What is expected :: Would you please copy only the lines from the line that contains "Nike Socks Ribbed" to the end of the data below, exactly, leaving every picture out?

Extracted entries ::
====

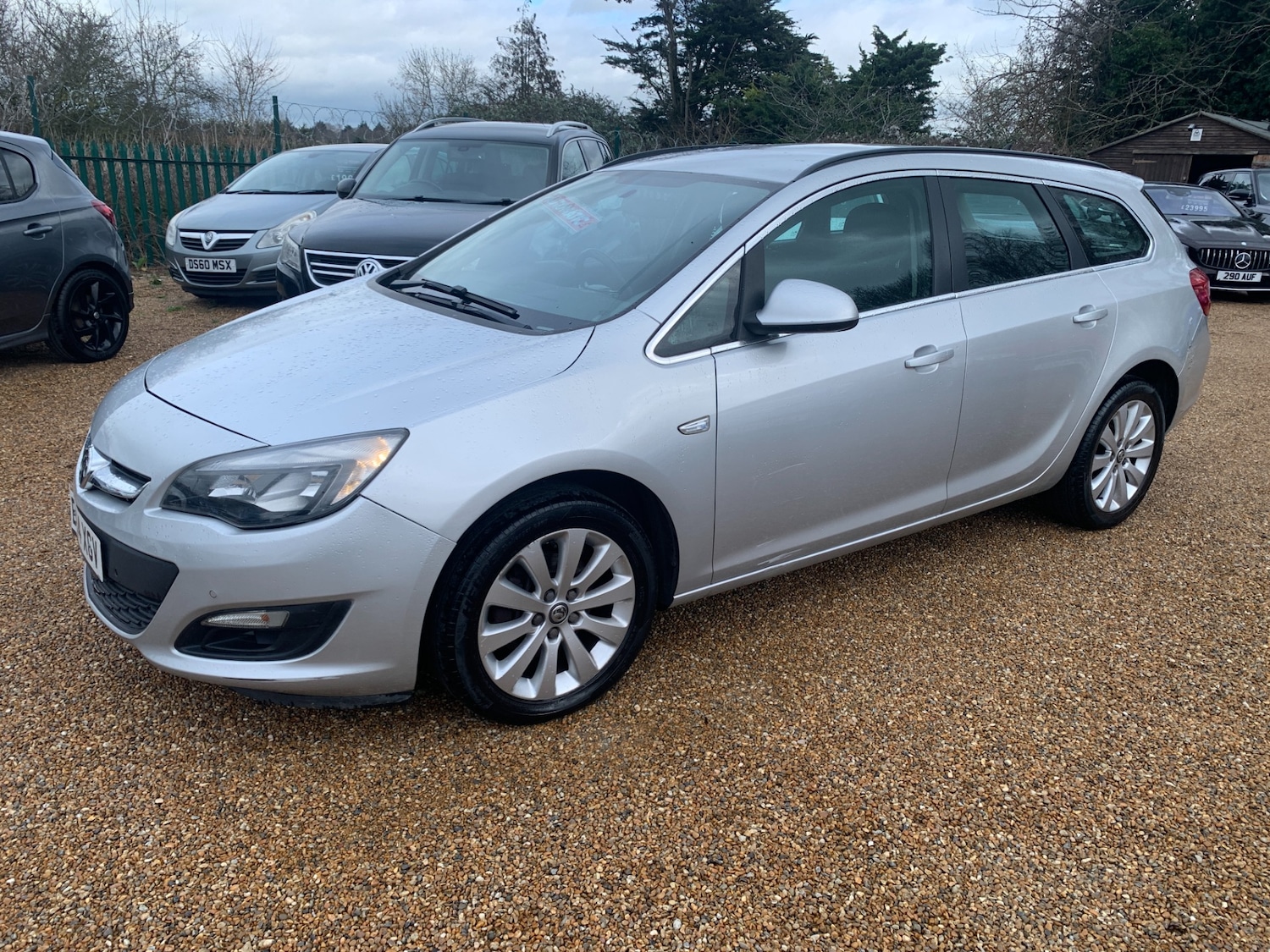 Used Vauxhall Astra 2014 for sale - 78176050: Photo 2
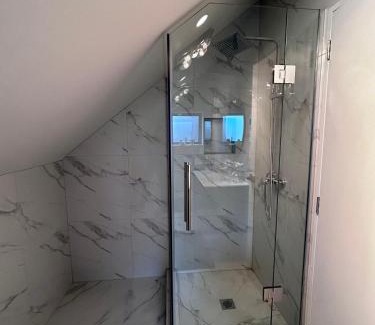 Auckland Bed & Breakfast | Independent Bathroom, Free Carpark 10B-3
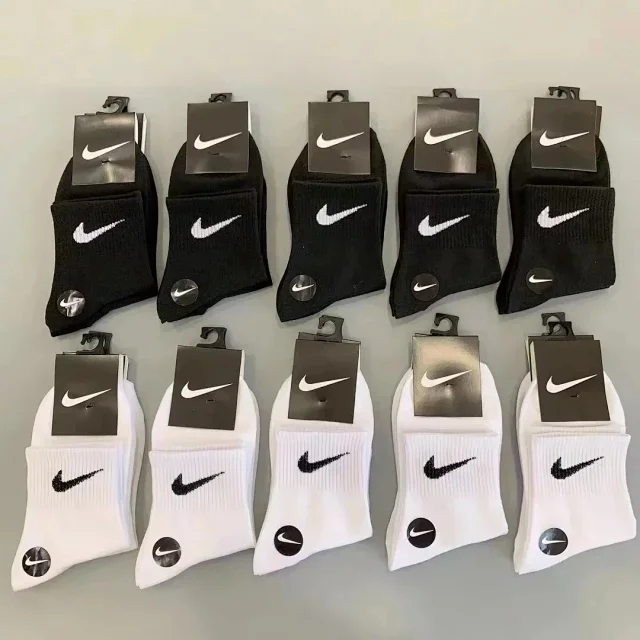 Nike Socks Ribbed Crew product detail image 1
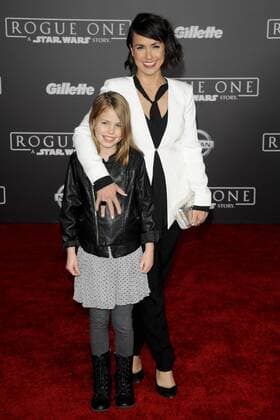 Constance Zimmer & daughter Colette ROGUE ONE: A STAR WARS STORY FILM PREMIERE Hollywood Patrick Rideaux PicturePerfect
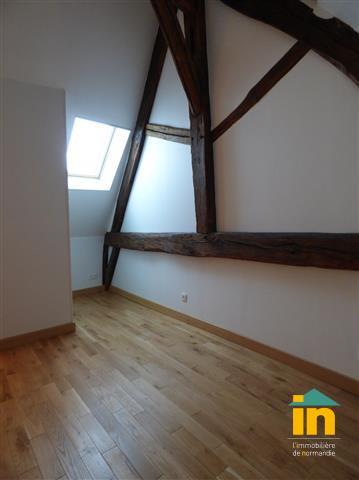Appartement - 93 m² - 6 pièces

====

Your solution ::
 Nike Socks Ribbed Crew product detail image 1
 Constance Zimmer & daughter Colette ROGUE ONE: A STAR WARS STORY FILM PREMIERE Hollywood Patrick Rideaux PicturePerfect
Appartement - 93 m² - 6 pièces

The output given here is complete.